Better Break a Bank: When Filling Out a Bracket Based on Tuition, Richmond Rolls

If you so much as open an Internet browser this week, you will probably accidentally discover four or five tricks to filling out your NCAA Tournament bracket. But one of my favorite methods to read about every year is the “pick the team with the higher tuition” scheme. The Awl details that trick for this year’s bracket.The Final Four, if you follow their path of picking the team with a higher tuition every time, pits No. 16 Lehigh and No. 4 Vanderbilt on one side, with No. 9 Wake Forest and No. 7 Richmond on the other. Richmond’s $40K+ tuition carries the day for the Spiders, who “win” the ignominious title in this projection.
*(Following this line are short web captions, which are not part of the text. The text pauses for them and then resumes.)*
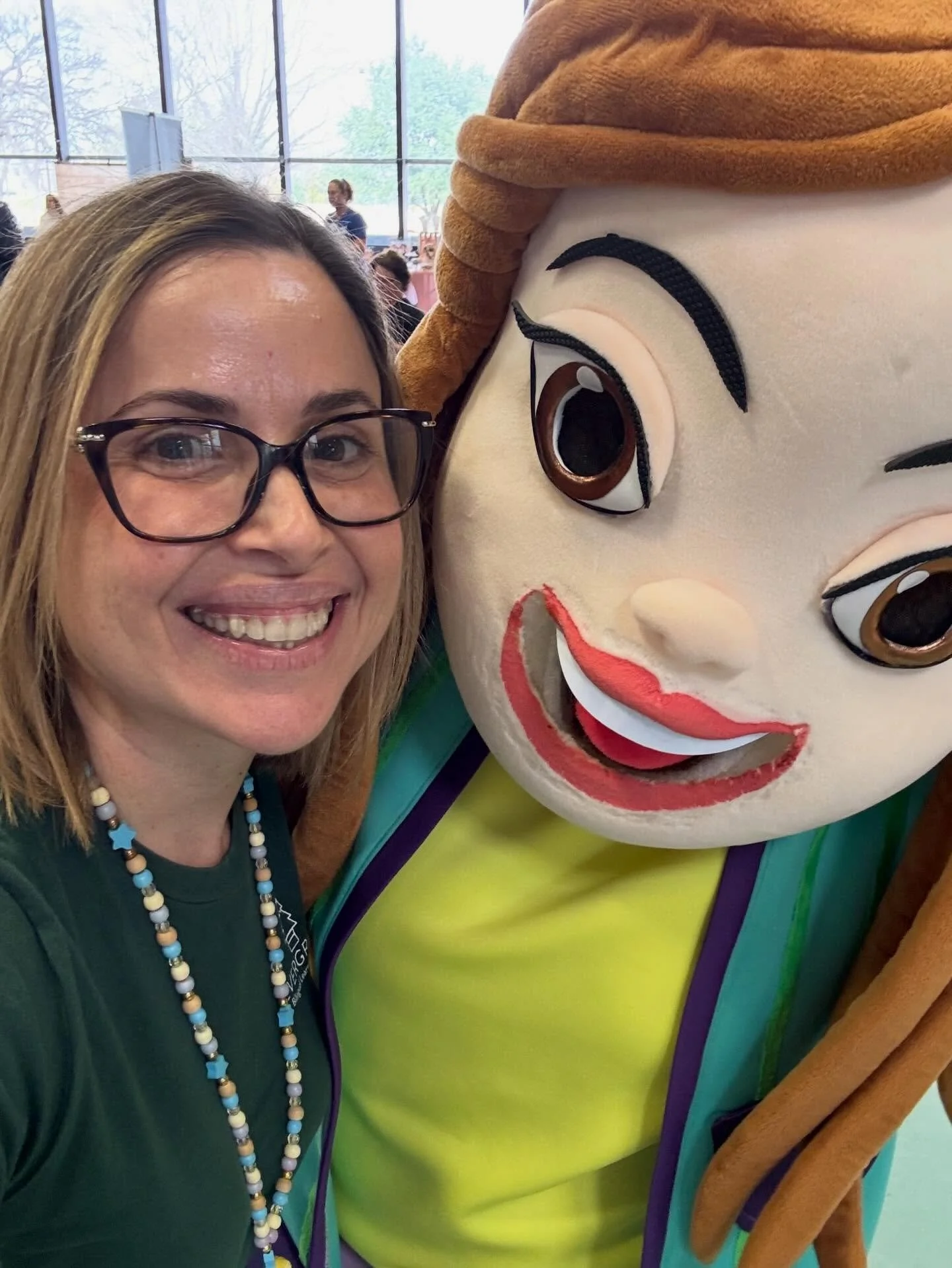 🌸 Spring Festival Vendor Spotlight 🌸

We are excited to introduce another wonderful local guest joining us at our Spring Festival! Supporting local businesses means supporting families and strengthening our community. 💛

✨ Meet La Super T&iacute;a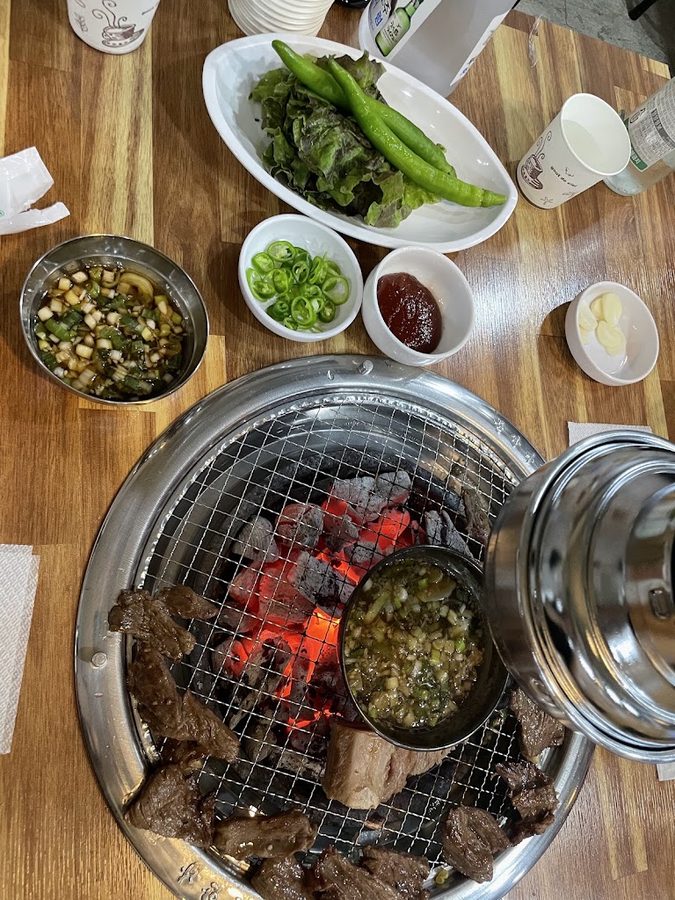 Sinchon Seoseo Galbi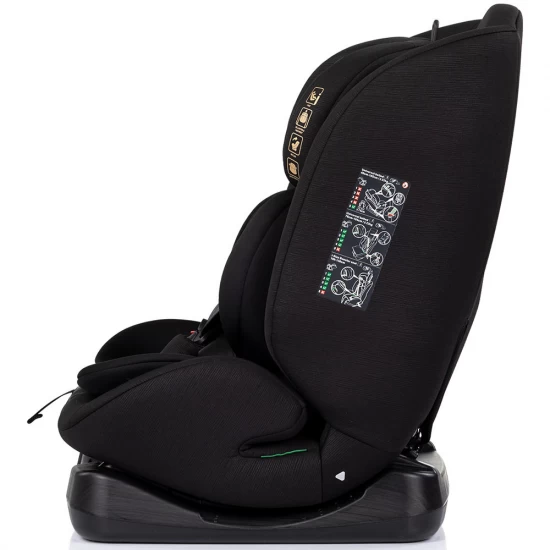 Scaun auto Chipolino Mondial I-Size 40-150 cm Noir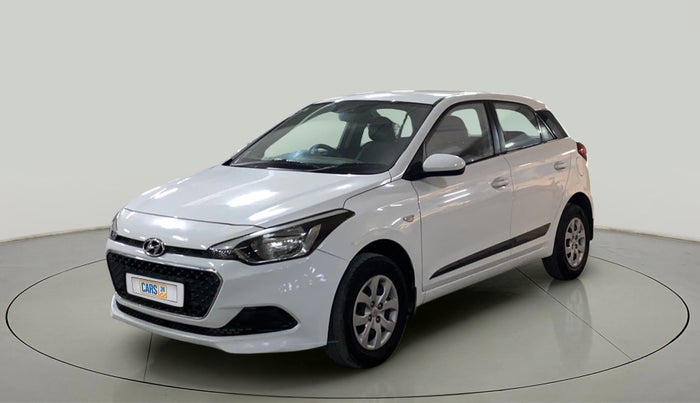 2017 Hyundai Elite i20 MAGNA 1.2, Petrol, Manual, 78,561 km, Left Front Diagonal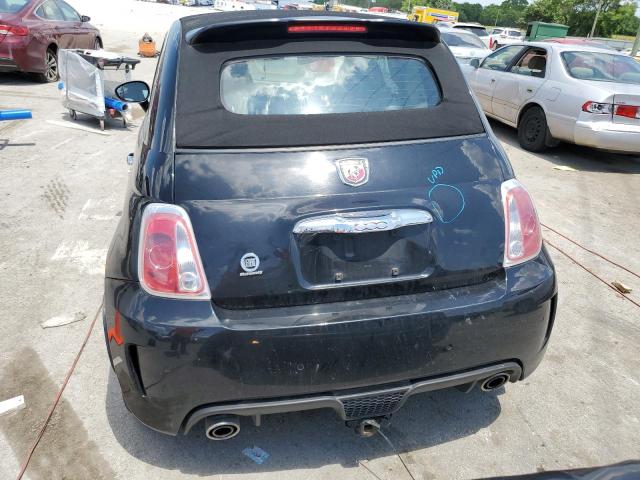 2015 FIAT 500 ABARTH 3C3CFFJH9FT710274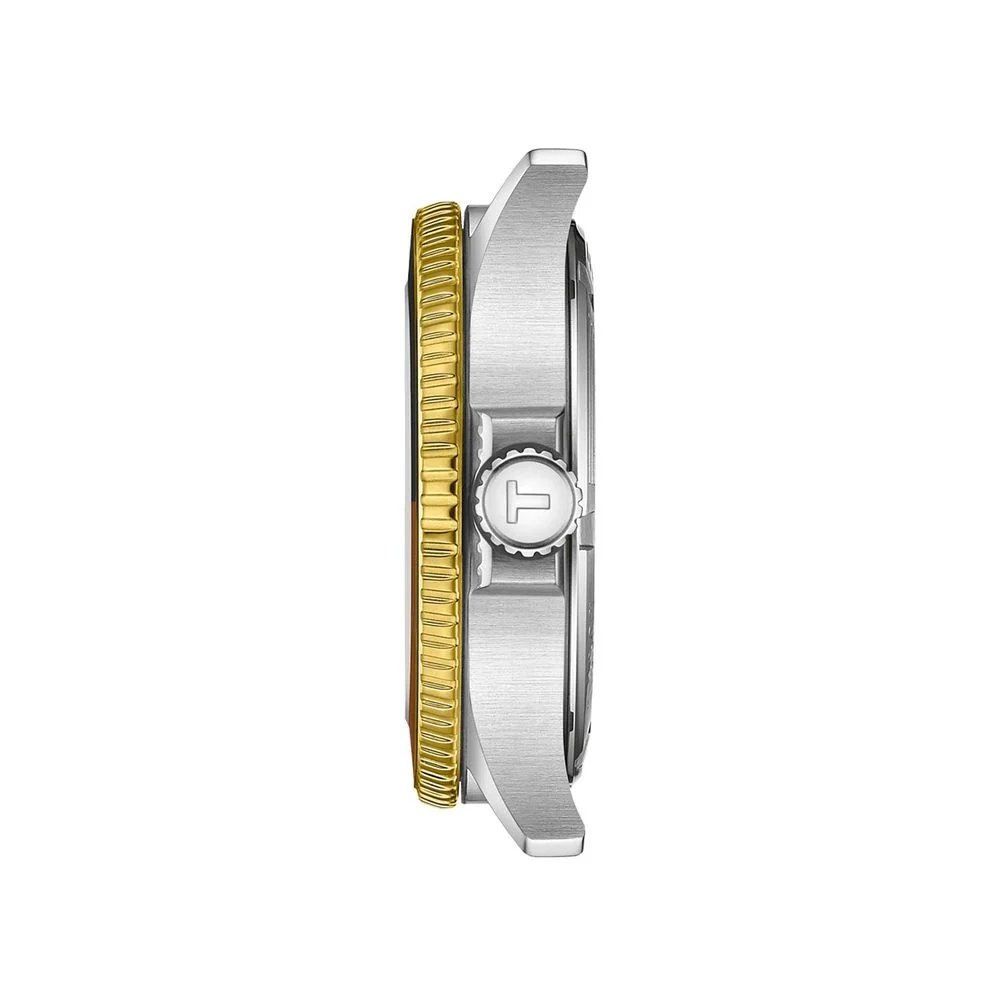 שעון יד לגבר TISSOT - תמונה 2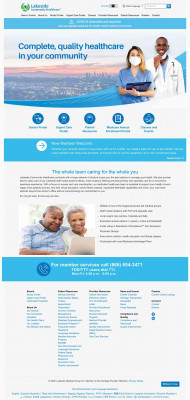 Regal Medical Group / Lakeside Community Healthcare ... Regal Medical Group / Lakeside Community Healthcare ...
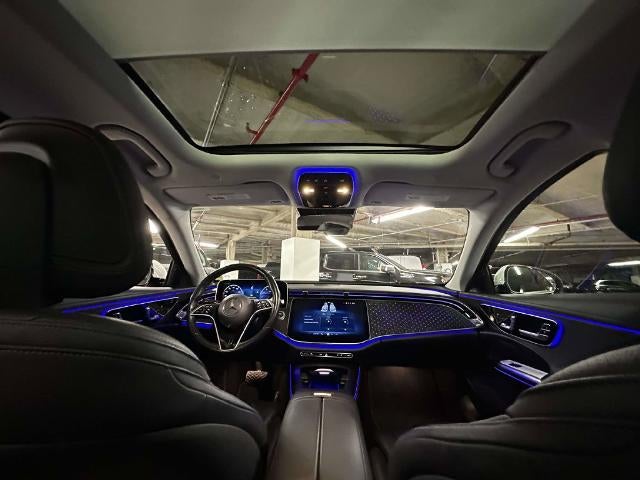 2025 Mercedes-Benz E-Class E 350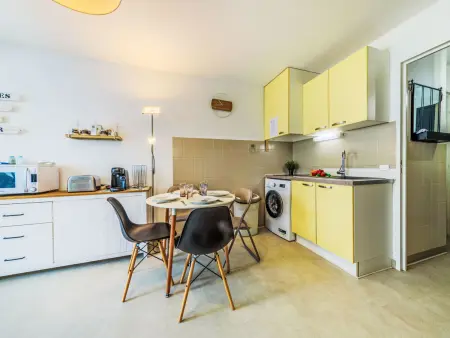 Les Floralies II, Location Appartement 4 personnes à Le Grau du Roi - Photo 14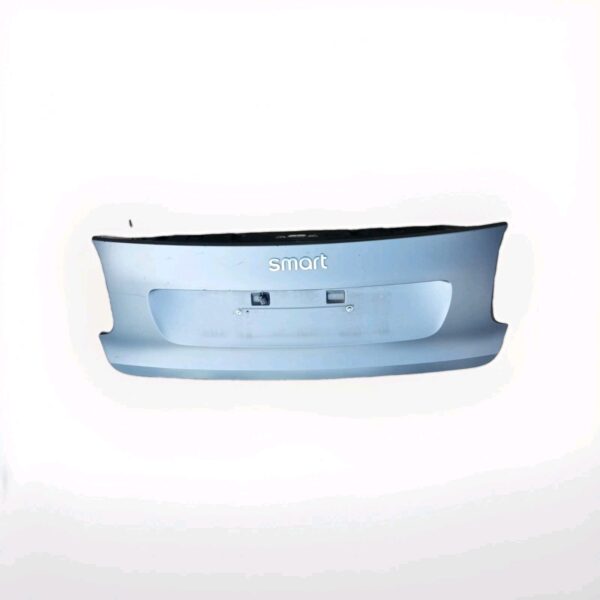 PORTELLONE COFANO POSTERIORE ORIGINALE SMART 453 3 PORTE GRIGIO SCURO DAL 2014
This format also provides us with a Sweet Sixteen featuring Lehigh, Michigan State, Georgetown, and UC Santa Barbara in the Midwest, which is, alas, the sort of shock that can only happen in Internet fantasy worlds.
But I also found it interesting to flip the script and take the teams with lower tuitions in each matchup. If one does that, one gets a Final Four of Brigham Young, San Diego State, Utah State, and West Virginia, with the Cougars topping the Aggies in the final. And the most jobbed teams in that measuring are the two Florida schools: in any other region, Florida and Florida State would make the Final Four, but BYU-Florida in the first round pits the teams with the two lowest tuitions in the Tournament against each other immediately, while the Seminoles get thumped by the Cougars in the regional final.
Is there anything to learn from this? Probably not, except that tuition in Utah and Florida is rather cheap. (Though, frankly, tuition’s just part of cost of attendance.) As with almost anything related to March Madness, the fun is the point.